He hoped to find “a little tranquility, a little repose.” Instead, he saw the signs of another coup in the making. He tried to warn Chilean leftists that only a united front of all parties could stop the rising right-wing danger. When the military went into action in 1973, he was arrested. Upon his release, he went into exile once again. He was 26 years old.
This is the third of a series of essay on exiles --the "nation outside the nation" that is created when illiberal states target people on grounds of religion, race, sexuality, ethnicity, or politics, forcing them to leave home. I've looked at the difficult decision to relocate, and the ways that exiled individuals can become targets if they criticize the government, even from abroad.
Here I pay tribute to the resiliency and courage of those who go into exile to escape tyranny, and highlight lesser-known elements of a collective experience that has changed the lives of millions around the world.
As Xavier's trajectory attests, finding a safe place to resettle can be a long process. The anti-Nazi theologian Dietrich von Hildebrand was one of many who relocated repeatedly as Adolf Hitler expanded throughout Europe. Von Hildebrand moved from Germany to Austria to France before settling in Portugal.

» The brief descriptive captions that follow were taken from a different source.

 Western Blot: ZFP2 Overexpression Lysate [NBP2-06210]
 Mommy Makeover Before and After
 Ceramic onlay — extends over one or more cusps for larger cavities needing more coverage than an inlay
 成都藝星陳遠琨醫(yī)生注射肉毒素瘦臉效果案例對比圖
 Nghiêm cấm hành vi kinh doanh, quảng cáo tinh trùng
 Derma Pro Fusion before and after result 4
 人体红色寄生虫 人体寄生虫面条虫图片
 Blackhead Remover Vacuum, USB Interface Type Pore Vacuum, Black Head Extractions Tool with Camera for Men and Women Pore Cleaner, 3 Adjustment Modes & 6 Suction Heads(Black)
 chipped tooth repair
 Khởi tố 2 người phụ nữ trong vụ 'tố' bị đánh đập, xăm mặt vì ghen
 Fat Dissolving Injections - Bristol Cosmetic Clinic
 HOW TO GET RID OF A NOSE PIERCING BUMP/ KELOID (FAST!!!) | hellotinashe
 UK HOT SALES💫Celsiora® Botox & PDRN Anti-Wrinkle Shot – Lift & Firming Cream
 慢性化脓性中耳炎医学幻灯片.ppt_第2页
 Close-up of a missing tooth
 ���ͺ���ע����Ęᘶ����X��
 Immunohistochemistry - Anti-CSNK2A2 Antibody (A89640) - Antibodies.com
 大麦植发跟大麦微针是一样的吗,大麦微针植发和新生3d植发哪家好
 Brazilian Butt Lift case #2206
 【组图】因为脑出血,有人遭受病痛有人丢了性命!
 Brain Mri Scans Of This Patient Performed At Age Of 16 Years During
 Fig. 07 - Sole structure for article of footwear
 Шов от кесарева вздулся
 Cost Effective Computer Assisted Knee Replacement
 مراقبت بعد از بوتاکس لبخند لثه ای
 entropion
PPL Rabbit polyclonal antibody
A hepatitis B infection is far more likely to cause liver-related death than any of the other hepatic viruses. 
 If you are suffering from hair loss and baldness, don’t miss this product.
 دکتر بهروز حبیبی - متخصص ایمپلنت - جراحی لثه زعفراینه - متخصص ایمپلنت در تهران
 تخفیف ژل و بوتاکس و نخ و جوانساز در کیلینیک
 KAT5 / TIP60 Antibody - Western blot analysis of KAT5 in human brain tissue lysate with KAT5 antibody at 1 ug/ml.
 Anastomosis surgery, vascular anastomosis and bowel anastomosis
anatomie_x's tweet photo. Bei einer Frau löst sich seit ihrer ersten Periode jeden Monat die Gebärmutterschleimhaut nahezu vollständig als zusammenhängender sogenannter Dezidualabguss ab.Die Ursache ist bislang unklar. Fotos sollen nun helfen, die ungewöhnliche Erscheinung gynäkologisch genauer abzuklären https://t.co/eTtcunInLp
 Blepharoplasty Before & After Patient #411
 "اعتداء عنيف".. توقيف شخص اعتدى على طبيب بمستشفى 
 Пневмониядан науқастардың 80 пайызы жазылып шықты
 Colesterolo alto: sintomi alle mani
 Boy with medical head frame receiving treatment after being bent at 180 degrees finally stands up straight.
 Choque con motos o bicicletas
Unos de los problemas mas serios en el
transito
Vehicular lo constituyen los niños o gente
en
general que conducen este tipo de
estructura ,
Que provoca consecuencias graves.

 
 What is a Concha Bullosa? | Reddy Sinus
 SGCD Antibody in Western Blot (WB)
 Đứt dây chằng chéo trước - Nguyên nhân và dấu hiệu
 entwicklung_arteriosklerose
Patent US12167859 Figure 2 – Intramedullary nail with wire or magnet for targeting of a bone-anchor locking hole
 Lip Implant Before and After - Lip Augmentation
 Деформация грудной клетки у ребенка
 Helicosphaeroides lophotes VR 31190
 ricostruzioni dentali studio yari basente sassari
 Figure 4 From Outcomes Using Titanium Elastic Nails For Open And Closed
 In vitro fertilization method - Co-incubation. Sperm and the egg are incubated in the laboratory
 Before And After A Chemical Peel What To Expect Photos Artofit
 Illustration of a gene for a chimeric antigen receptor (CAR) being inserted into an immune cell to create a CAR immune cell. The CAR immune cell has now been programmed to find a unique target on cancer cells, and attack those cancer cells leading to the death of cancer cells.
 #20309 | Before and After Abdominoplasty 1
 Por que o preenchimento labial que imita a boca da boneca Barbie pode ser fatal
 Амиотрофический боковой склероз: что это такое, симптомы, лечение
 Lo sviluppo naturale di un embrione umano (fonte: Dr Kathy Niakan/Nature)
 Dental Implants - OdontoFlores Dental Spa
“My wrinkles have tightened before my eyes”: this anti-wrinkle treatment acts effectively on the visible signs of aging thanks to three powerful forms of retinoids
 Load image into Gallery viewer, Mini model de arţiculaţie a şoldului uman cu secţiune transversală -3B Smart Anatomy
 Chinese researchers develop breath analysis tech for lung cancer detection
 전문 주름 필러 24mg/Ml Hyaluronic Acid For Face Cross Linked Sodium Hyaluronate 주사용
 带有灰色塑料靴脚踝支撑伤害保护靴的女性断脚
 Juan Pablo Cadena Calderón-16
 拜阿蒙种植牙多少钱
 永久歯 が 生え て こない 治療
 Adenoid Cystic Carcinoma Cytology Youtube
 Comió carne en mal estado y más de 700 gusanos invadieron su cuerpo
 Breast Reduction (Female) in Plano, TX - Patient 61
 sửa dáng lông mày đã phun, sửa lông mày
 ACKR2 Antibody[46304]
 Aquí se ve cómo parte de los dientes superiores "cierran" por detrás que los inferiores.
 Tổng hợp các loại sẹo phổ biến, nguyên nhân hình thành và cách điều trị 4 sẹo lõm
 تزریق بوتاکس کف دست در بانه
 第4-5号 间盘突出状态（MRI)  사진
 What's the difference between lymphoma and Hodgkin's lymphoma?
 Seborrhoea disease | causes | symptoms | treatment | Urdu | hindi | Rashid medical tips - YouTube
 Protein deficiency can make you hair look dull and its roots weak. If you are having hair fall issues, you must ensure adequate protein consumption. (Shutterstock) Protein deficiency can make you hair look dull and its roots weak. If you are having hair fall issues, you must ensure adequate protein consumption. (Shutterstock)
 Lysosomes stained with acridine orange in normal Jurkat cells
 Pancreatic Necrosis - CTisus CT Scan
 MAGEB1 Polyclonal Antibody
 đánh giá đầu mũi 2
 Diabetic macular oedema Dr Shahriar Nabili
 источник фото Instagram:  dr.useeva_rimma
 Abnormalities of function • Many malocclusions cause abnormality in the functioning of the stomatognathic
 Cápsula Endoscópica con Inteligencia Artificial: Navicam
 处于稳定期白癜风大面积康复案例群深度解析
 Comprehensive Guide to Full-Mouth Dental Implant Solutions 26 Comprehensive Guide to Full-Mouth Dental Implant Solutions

Going into exile might even mean exchanging one regime for another. Of the 200,000 Chileans who left their native land after the United States-backed coup, many resettled in democracies, while Chilean Communists often went to Cuba or Soviet bloc countries. Yet immigration and employment circumstances led some twenty-five thousand Chileans to relocate to Brazil’s military dictatorship. Some joined a resistance group based in the southern city of Porto Alegre.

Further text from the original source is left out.